For short, unless you want to encode somewhat odd patterns in SPARQL: it usually makes sense to put OPTIONAL patterns in the end of your join groups. If you’re still unsure about some of your queries, just have a look at the semantics section in the official W3C specs.

Optimizations within Blazegraph 1.5.2

While the official SPARQL semantics uses a sequential approach, one key optimization approach of the Blazegraph query optimizer is to identify a semantics-preserving reordering of join groups in the query that minimizes the amount of work spent in evaluating the query. Thereby, amongst other heuristics (such as cardinality estimations for the individual triple patterns), optimizers typically try to evaluate non-optional patterns first (this holds particularly in the presence of more complex OPTIONAL expressions).
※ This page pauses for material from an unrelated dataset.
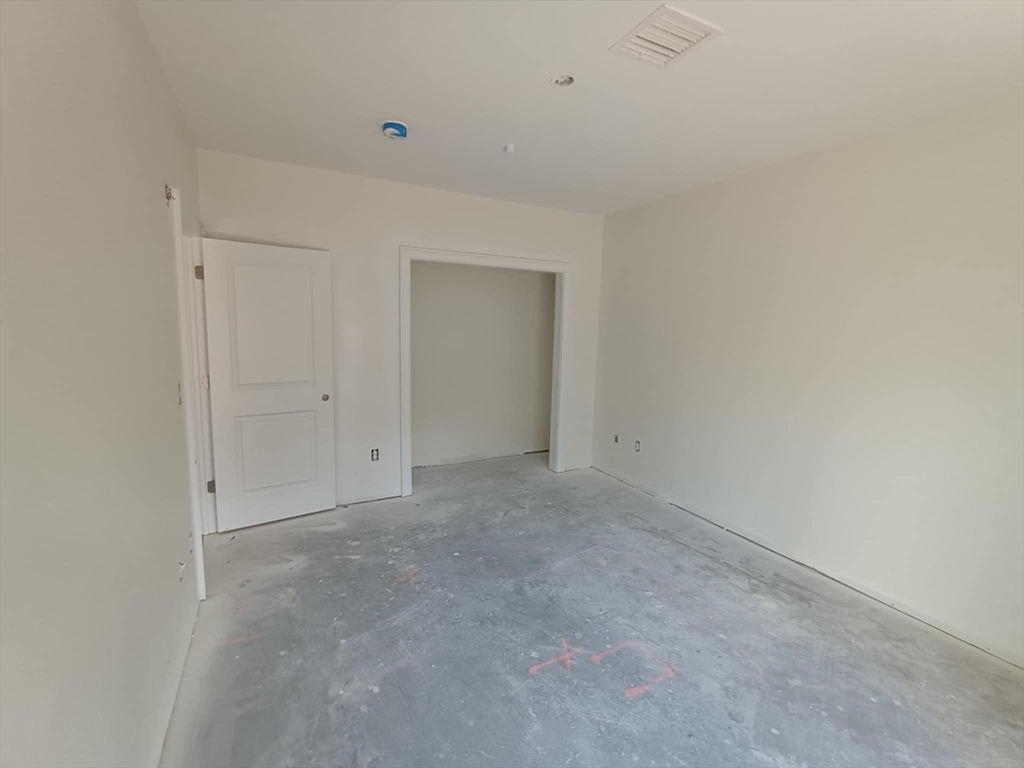 10 Franklin Ave 104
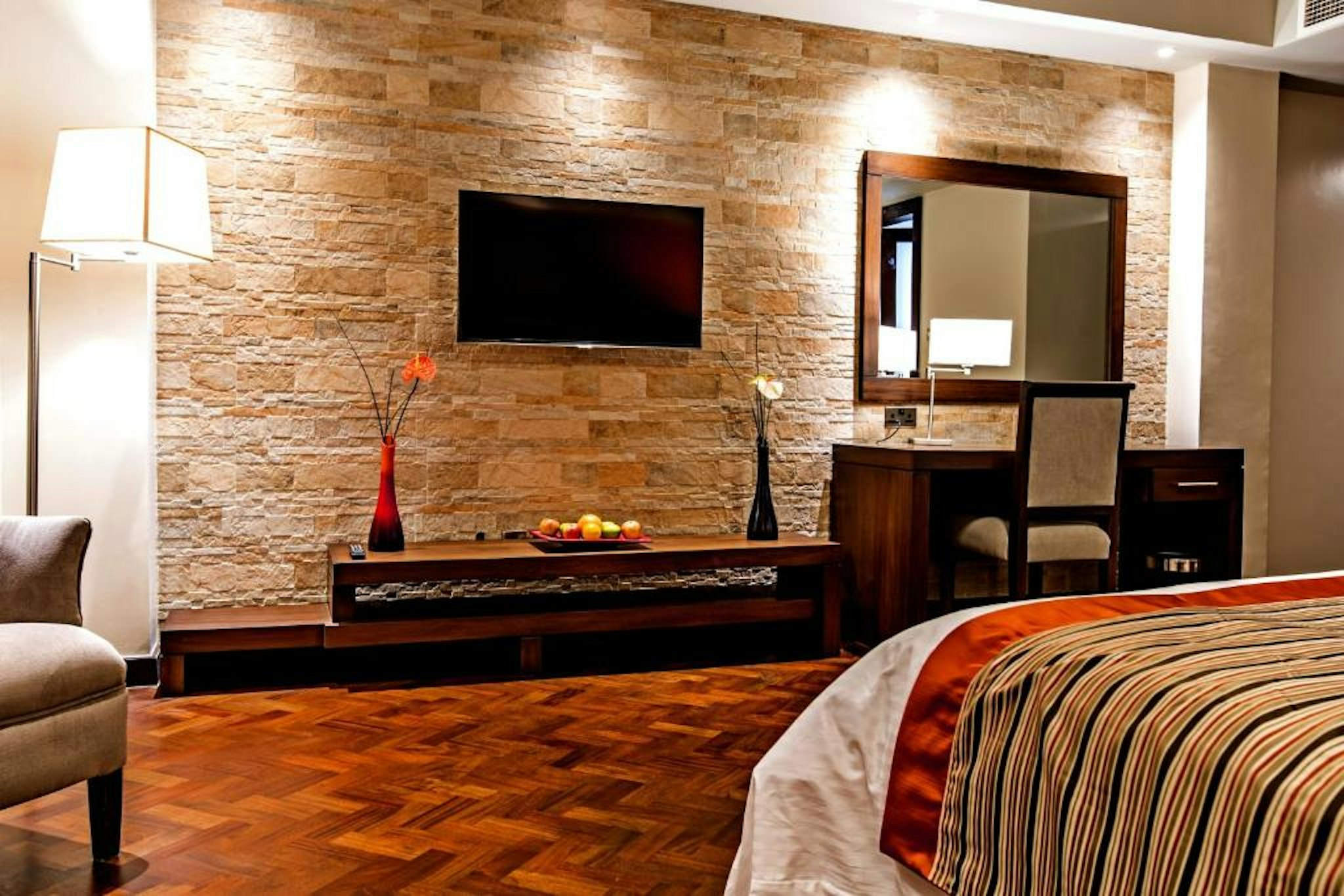Magna Hotel And Suites 7/15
As a consequence, queries like those sketched above challenge the Blazegraph query optimizer: reordering must be done carefully and based on sound theoretical foundations, in order to retain the semantics of the original query within the rewriting process. In Blazegraph 1.5.2, we’ve reworked Blazegraph’s internal join group reordering strategy.

For instance, Blazegraph 1.5.2 is able to detect the equivalence transformations (as sketched in Q2a/Q2b) when evaluating queries and uses this knowledge to find more efficient query execution plans: if you run Q2b query above in Blazegraph and turn the EXPLAIN mode on, you’ll see that the OPTIONAL clause is moved to the end by the optimizer in the optimized abstract syntax tree.